[Stored items from a collection]
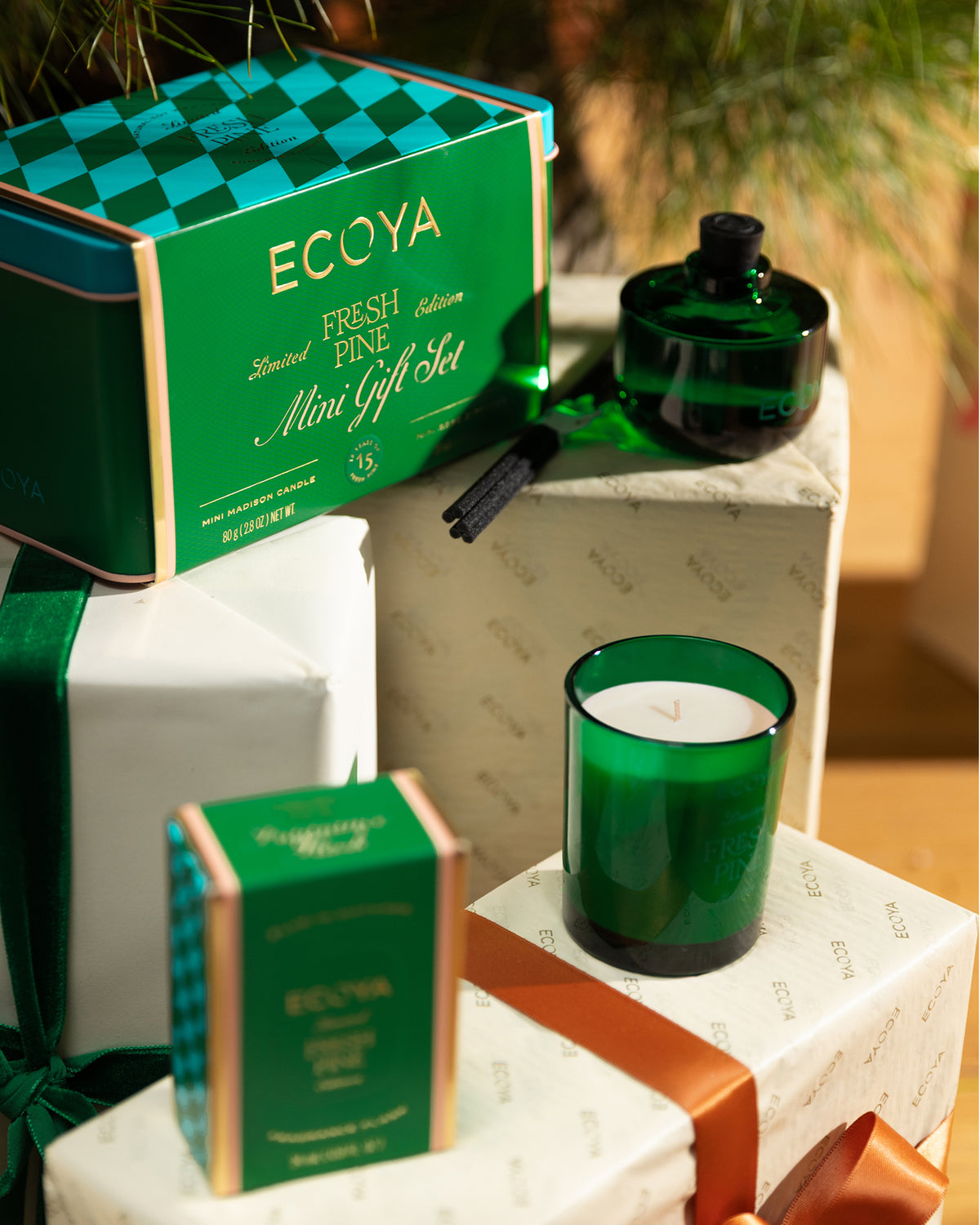 Fresh Pine Mini Gift Set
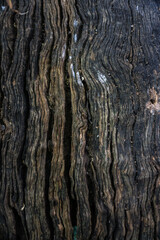 Wood texture old grunge background
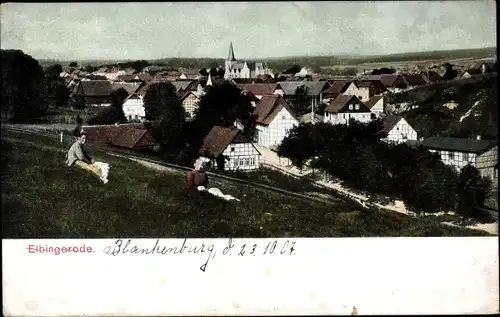 Ak Elbingerode Oberharz am Brocken, Panorama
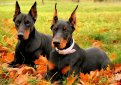 Доберман / Doberman (Doberman Pinscher)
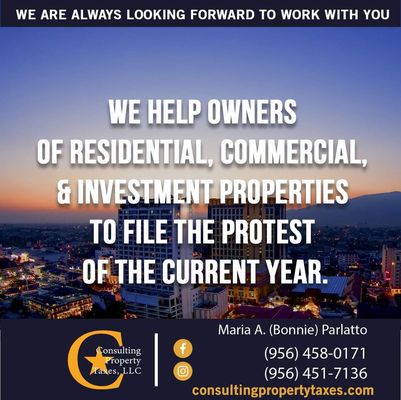 Consulting Property Taxes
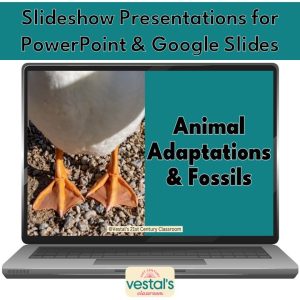 animal-adaptations-slideshow-preview-1
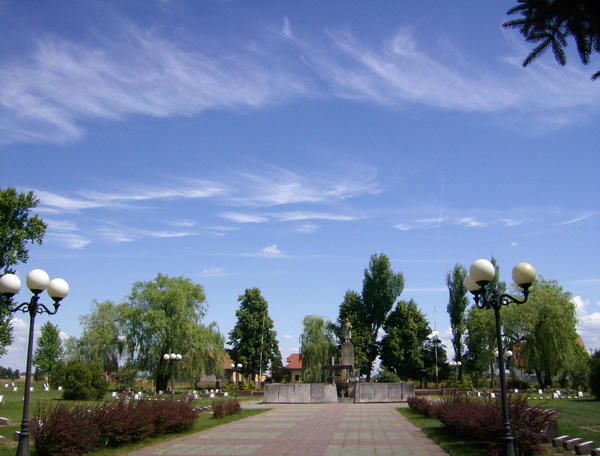 Воинское кладбище в городе Гарволин (общий вид)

=== Problem statement ===
Leave the pictures out. Transcribe exactly the lines from the one with "Доберман / Doberman (Doberman Pinscher)" through the end of the records.

=== Output below ===
 Доберман / Doberman (Doberman Pinscher)
 Consulting Property Taxes
 animal-adaptations-slideshow-preview-1
 Воинское кладбище в городе Гарволин (общий вид)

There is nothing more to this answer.